Ripensare il modo di tutelare le idee
La crisi dei modelli classici di protezione impone un cambio di paradigma
Chi si misura ogni giorno con i temi della tutela dell’innovazione e della proprietà intellettuale è consapevole della crescente tensione tra i modelli classici di protezione - per cui all’innovatore viene conferito un monopolio pressoché assoluto sui risultati delle sue ricerche e l’ideologia (ed economia) della condivisione, apparentemente figlia del paradigma opposto.
In altri termini, ci si interroga sempre di più sull’opportunità di consentire a una impresa che abbia messo a punto una soluzione anche molto innovativa, ma destinata a trovare applicazione all’interno di un ecosistema complesso - è il caso per esempio di un componente destinato all’industria automobilistica, capace di attribuire funzioni “intelligenti” al veicolo su cui viene montato - di controllare tramite le esclusive brevettuali lo sviluppo dell’ecosistema stesso (stando al nostro esempio, l’automobile intesa come prodotto finito, pronto alla commercializzazione).
Ecco uno dei quesiti più frequenti. Imprese e centri di ricerca che hanno sviluppato, per esempio, un nuovo sensore, atto ad essere impiegato sui dispositivi mobili e nel mondo del cosiddetto internet delle cose (internet of things), possno fare leva sul monopolio sul sensore per impedire la commercializzazione dei dispositivi complessi, di cui esso costituisce solo uno dei moltissimi componenti? Cosa succede, poi, se l’uso di quel sensore diviene uno standard, di fatto o di diritto?

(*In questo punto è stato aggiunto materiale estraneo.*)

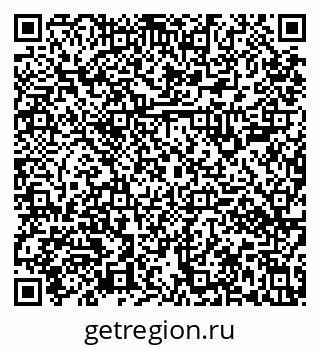 79631102677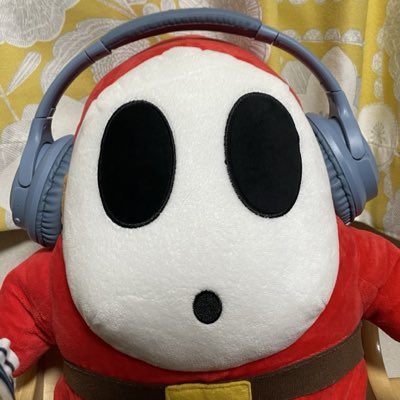 新しいプロフィール画像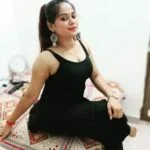 1000106133.jpg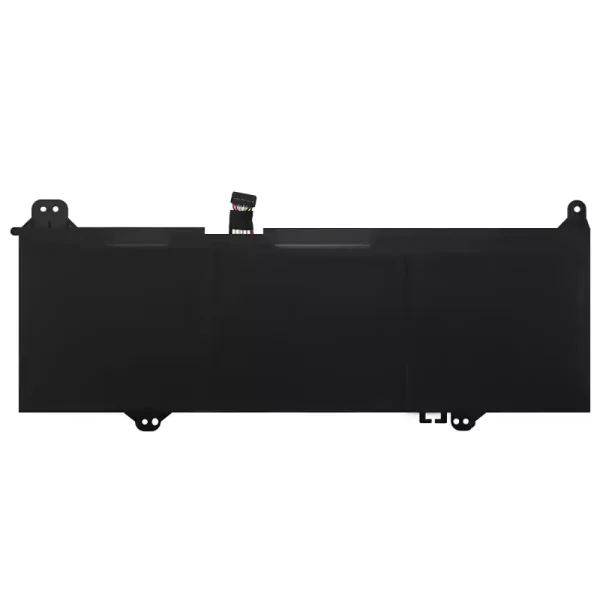 Baterie pro notebooky LENOVO L18D3PG2 L18C3PG2 - Image 2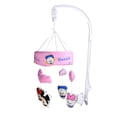 thumbnail image 1 of Movil De Cuna Estimulante Disney Minnie&nbsp;, 1 of 4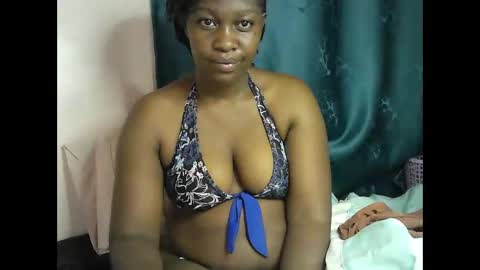 pretty_kylah online show from 10-22-25, 02:12
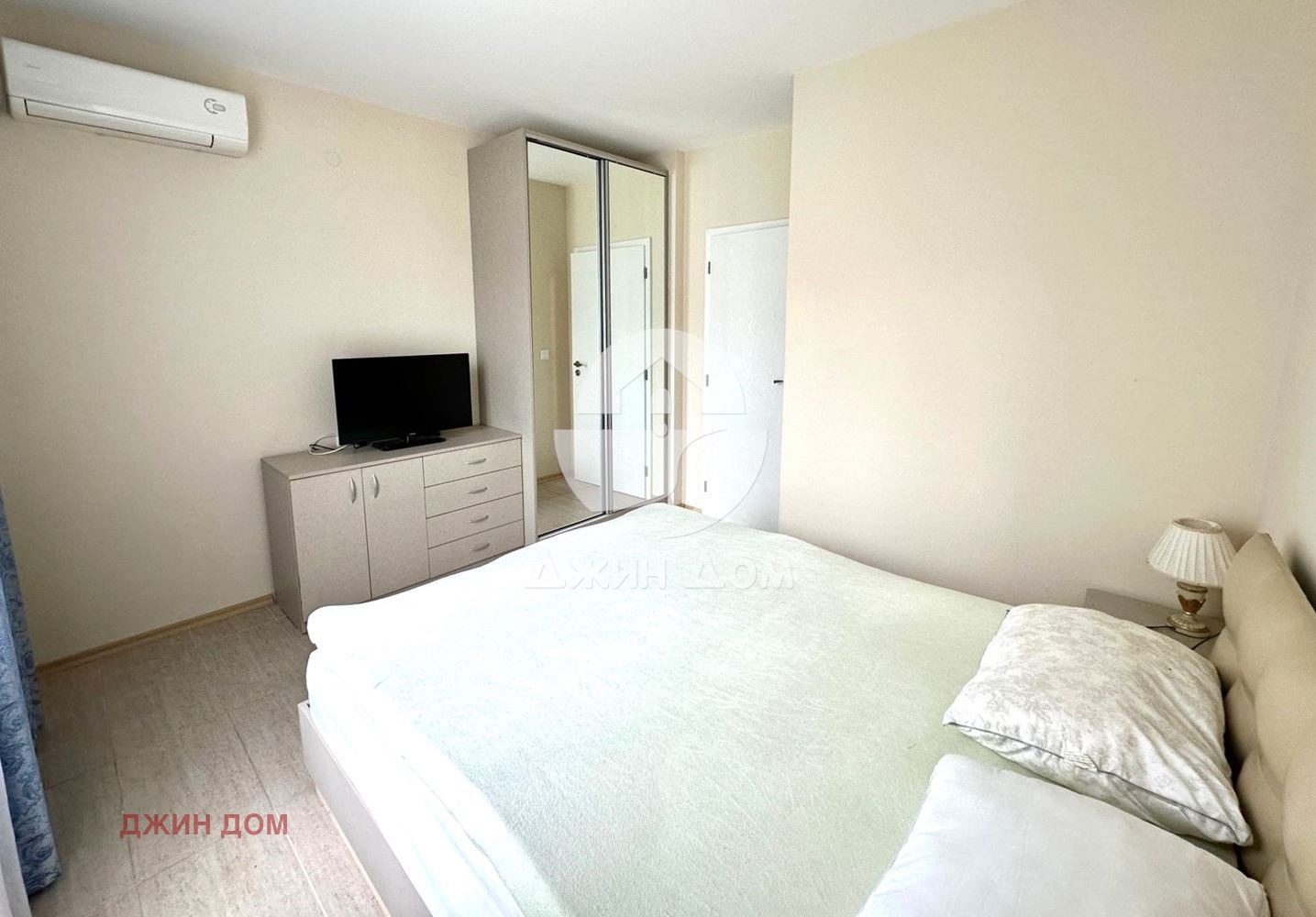 ������� 2-����� | Imot.bg � ����������� 6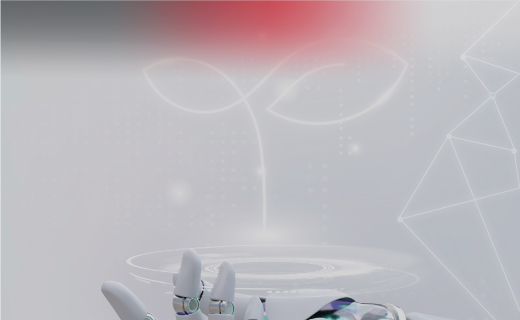 Read more about the article AZURE customers with AI technology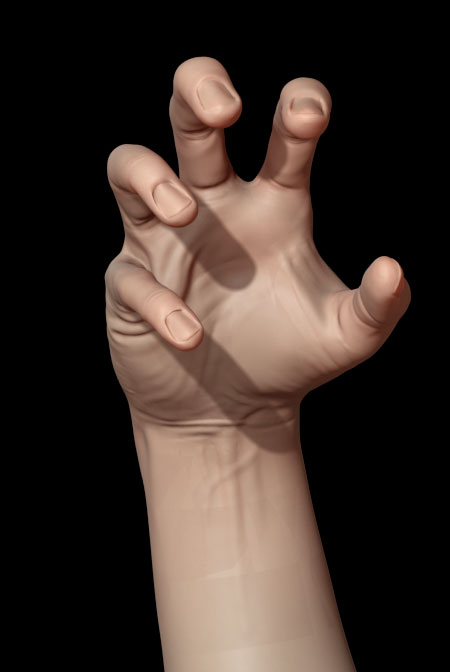 finalhand4.jpg
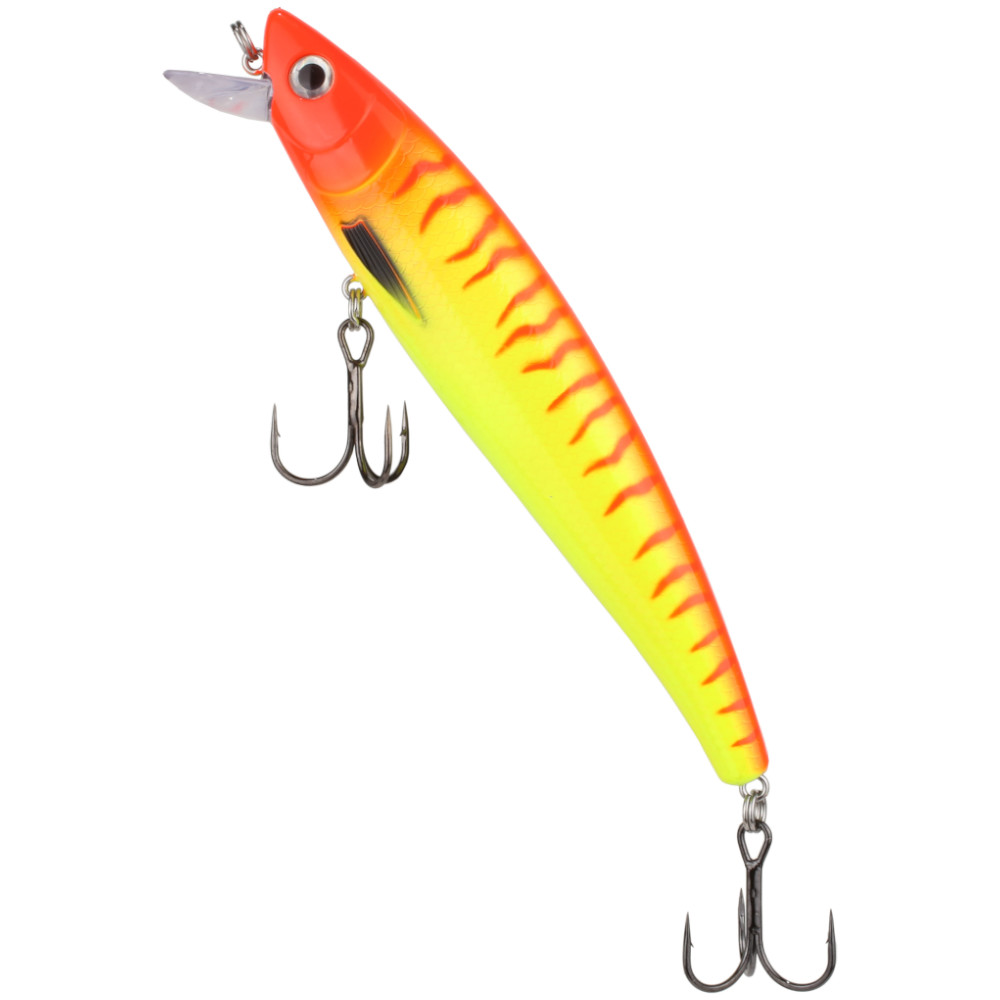 Grimner 70g/18,5cm - välj färg - 7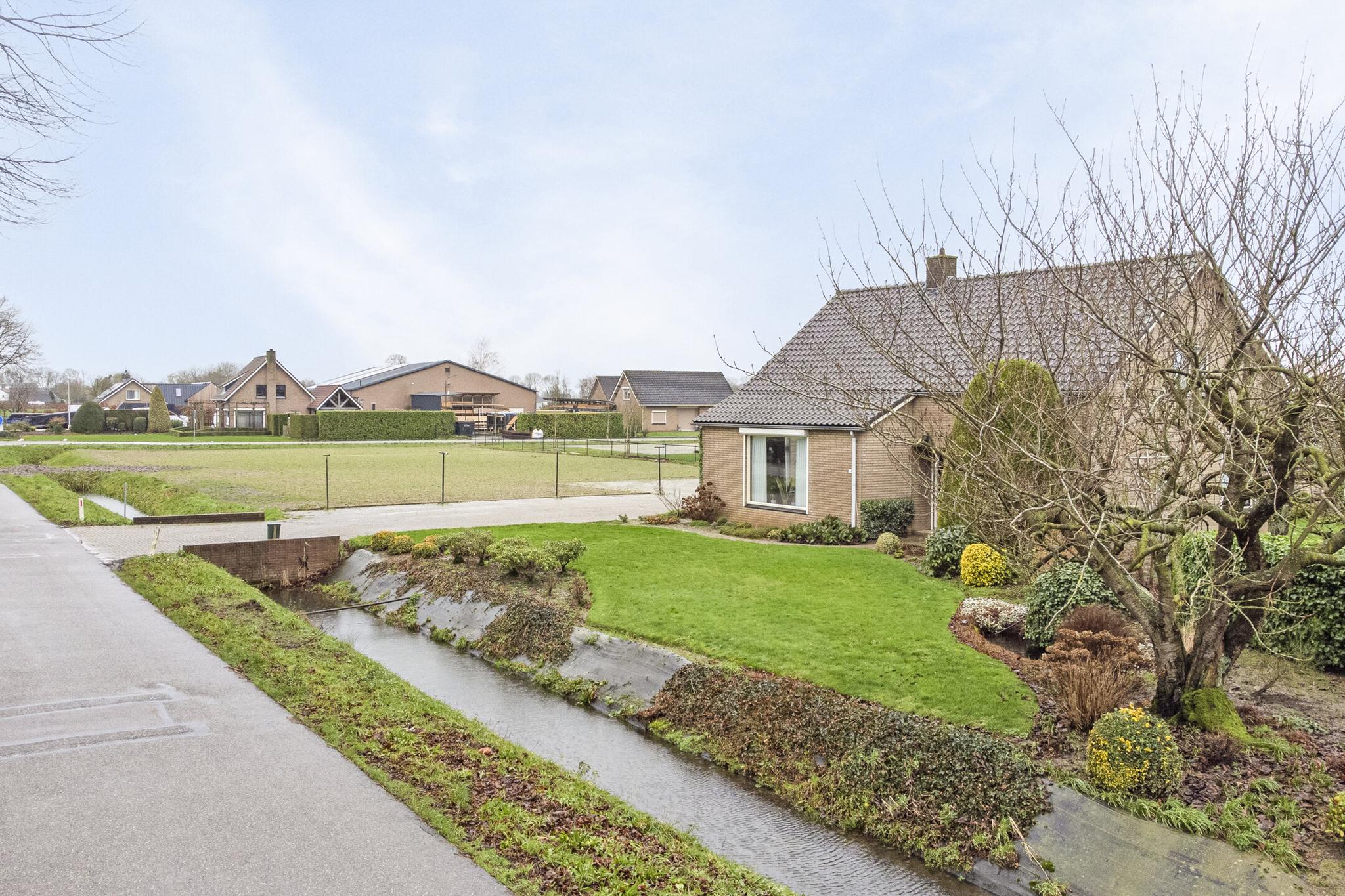 ZL100379-4284-Hoogveldweg-10,-Bruchem-166972205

Di fronte a questi interrogativi è lecito chiedersi se il modello della proprietà industriale classica, per cui l’innovazione viene ricompensata (e contemporaneamente stimolata) con l’attribuzione di un monopolio, sia pure di durata limitata nel tempo, non debba essere ripensato. Sicuramente alcune riflessioni ed aggiustamenti possono essere opportuni; il sistema attuale prevede tuttavia già al suo interno gli accorgimenti utili ad attutire gli effetti negativi di monopoli incondizionati.
Si pensi, ad esempio, al sistema delle licenze obbligatorie, che interviene quando un’esclusiva viene sfruttata solo per impedire l’innovazione a valle. Oppure all’intervento del diritto antitrust finalizzato a sanzionare le ipotesi di abuso dei monopoli brevettuali, come anche per regolare il regime di licenza dei cosiddetti «standard essential patents» (Sep), che devono essere offerti in licenza a condizioni eque. Ovvero con il metodo «fair, reasonable and non-discriminatory», che in letteratura viene citato con l’acronimo Frand.
Come si vede, esistono nel nostro ordinamento robusti “anticorpi” idonei a scongiurare gli abusi e a rendere i diritti esclusivi compatibili con ecosistemi tecnologicamente, ed economicamente complessi ed evoluti.
Nonostante questo, la partita sul futuro della tutela brevettuale non è certamente chiusa. E al momento non è dato sapere come questi anticorpi, da soli, saranno in grado di garantire una maggiore standardizzazione, che, come detto, sarà fondamentale per garantire lo sviluppo anche dell’internet delle cose.
In ogni caso, questi anticorpi, così come i recenti incentivi all’innovazione introdotti nel nostro Paese (si pensi in particolare alla introduzione del cosiddetti IP Box) confermano come scelte illuminate di politica di tutela e promozione della proprietà industriale potranno essere determinanti nella crescita di un sistema economico, molto più di una seppur più popolare riduzione dell’imposizione fiscale sulla casa o generici incentivi al consumo.